Une fois en présence du marquis de Tergall, Juve lui avait déclaré :

— Permettez-moi de faire une enquête chez vous, autour de vous, et ne vous étonnez de rien. Je passerai pour un ouvrier électricien, qui vient étudier l’installation de la lumière électrique dans votre château.

Le marquis de Tergall, ainsi que tout le monde, connaissait Juve de réputation, aussi s’était-il empressé de souscrire au désir de l’éminent policier.

À présent, le policier, démocratiquement installé dans la cuisine, faisait honneur au repas, avec un appétit que sa promenade à pied avait rendu redoutable. En quelques instants, le faux électricien s’était assuré la sympathie de tout le personnel de l’office. Il avait eu le mot pour rire avec Baptiste, le compliment qui touche pour la cuisinière, et le propos galant à l’adresse de Rosa, la femme de chambre.

— Alors, demanda Baptiste, une fois le café avalé, nous allons balader dans le jardin ?
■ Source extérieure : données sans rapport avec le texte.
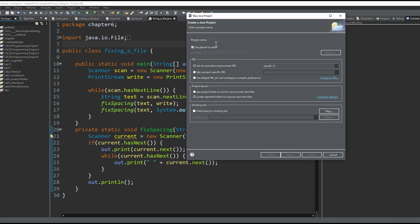Then you can title it whatever you want. We can just say 'testing' right here, and then we can click finish.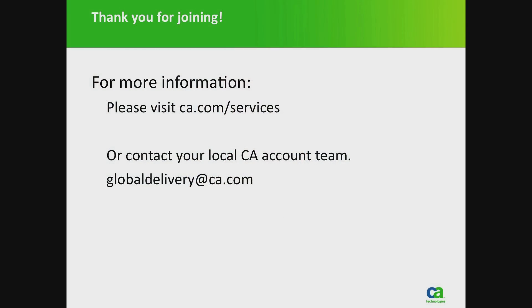Thank you for watching our video on data extraction for CA Clarity PPM. To learn more about this or other packaged work products, please contact us and we would be happy to show you a demo or answer any questions you may have.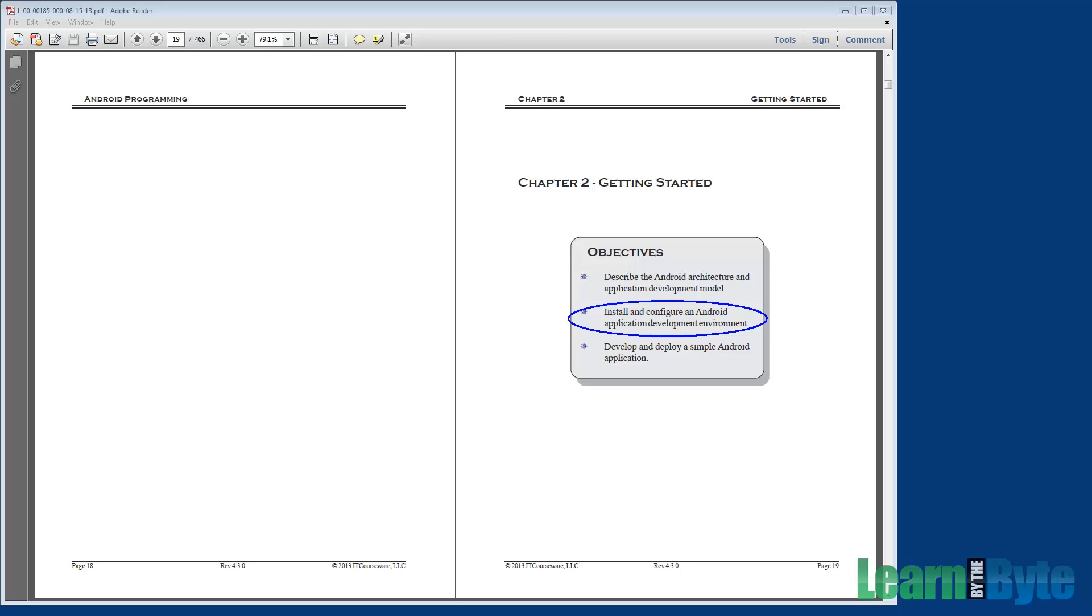For example, we'll talk about the SDK Platform Tools and the SDK Manager. We'll also talk about Eclipse and the ADT plugin.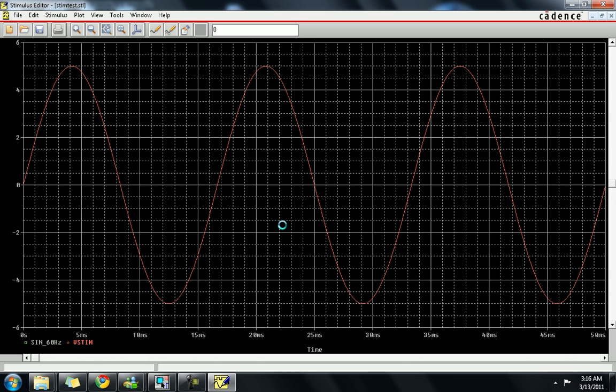This file will save as a .stm file and we have to link that file with our main circuit file. This is the source file — it will take some time to generate the signal.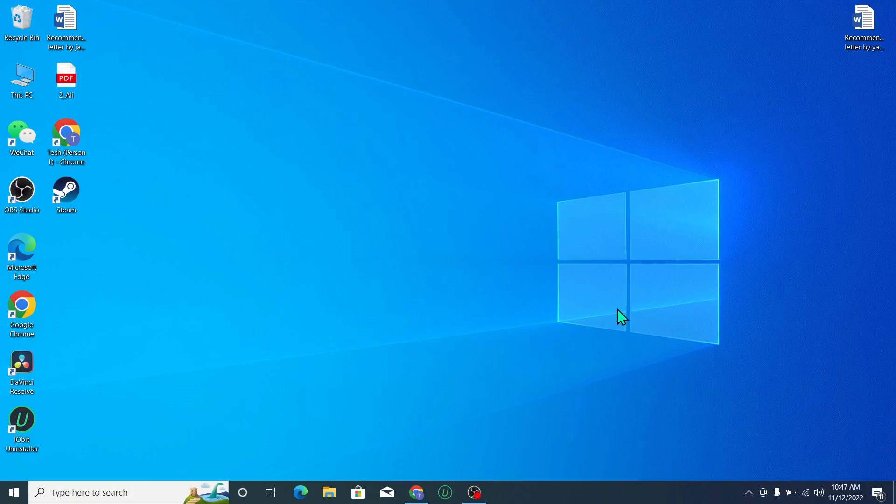Hello everyone, welcome back to my channel. Today in this video I'd like to show you how to download and install Minecraft on your PC or laptop.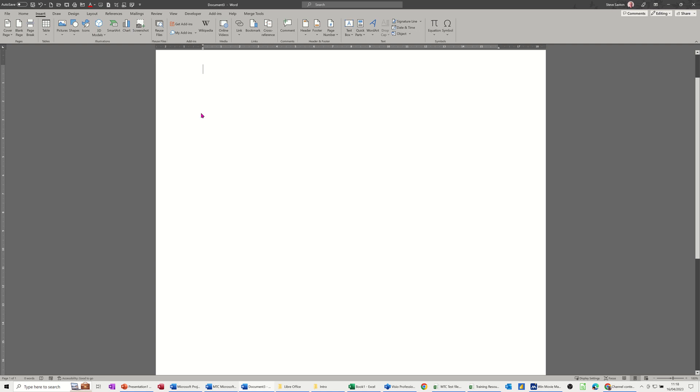Hi guys, welcome to this session in Microsoft Word. In this module I want to show you how you can bring a Visio diagram into a Word document, and I'm going to do that through the insert tab and then object.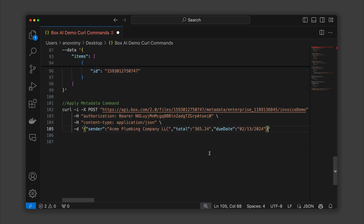In this case, I do need to update the date to the appropriate Box date format, and since the total is a number in the metadata template, I need to remove the quotes.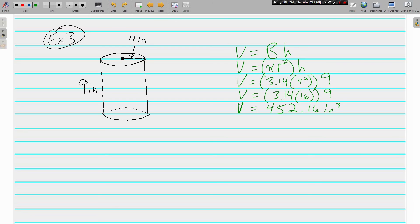So there you go — that's volume of prisms and cylinders. It's the area of the base times the height. You always start with V equals capital B times H, and you just plug in what you need for capital B. If you have questions about anything in this video, write them down, bring them to class, and we'll see you soon.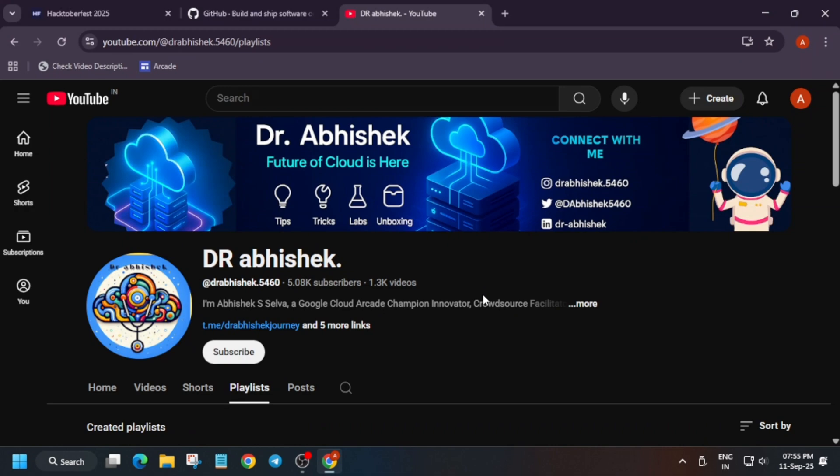Hello guys, welcome back to the channel. I hope you all are absolutely fine. Here I'm back with another exciting opportunity — basically it is an open source event. You must be knowing about it: Hacktoberfest. So let's cover this. First of all, if you're new to this channel, do like the video and subscribe.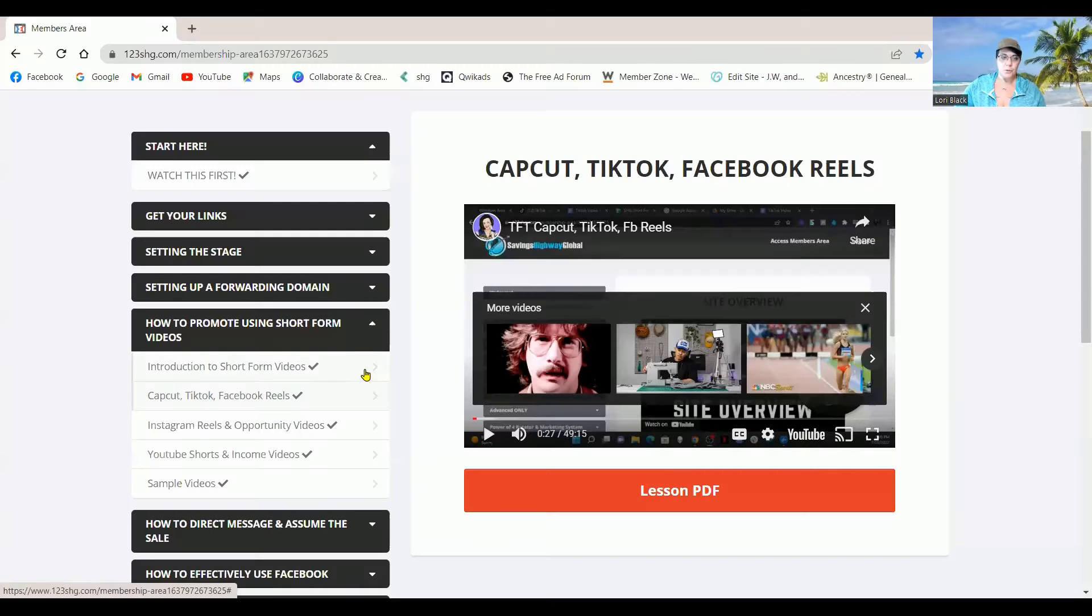Membership, training, kind of all goes together really. So let's go in there. Oh look, my computer worked with me.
— Ma foi, répliqua Juve, ça n’est pas de refus. Un cigare ?

— Merci bien, monsieur Doublon, dit Baptiste en acceptant le londrès.

— Pourquoi m’appelez-vous M. Doublon ?

— Ce n’est pas votre nom ? Je l’ai lu sur l’enveloppe que j’ai remise au marquis de Tergall,

— Nullement, fit Juve, Doublon c’est mon patron, Doublon et Cie, la grande maison d’Angers. Moi je ne suis que le contremaître, on m’appelle simplement Charlot. Faites donc comme tout le monde.

— Je n’y vois pas d’inconvénient. Charlot, je vous remercie. Un peu de feu ?

Les deux hommes, ayant allumé leurs cigares, quittèrent la maison et se perdirent dans les allées du parc.

De temps à autre, Juve, pour justifier du rôle qu’il jouait, prenait des mesures, notait des chiffres sur son carnet.

De temps à autre, il posait des questions indiscrètes.

— Une bonne place, Baptiste ?

— Peuh, pas mauvaise. On est régulièrement payé et il y a des pourboires au moment de la chasse.

— Le marquis reçoit beaucoup de monde ?

— Cela dépend, suivant la saison. En automne par exemple, ça ne désemplit pas d’invités.

— La grande vie, quoi, mais ça doit coûter joliment cher. Le marquis est riche ?

— Surtout la marquise.

— D’ailleurs le patron m’a dit qu’on pouvait y aller largement pour l’installation électrique. C’est égal, le vol, ça doit faire un trou dans son budget.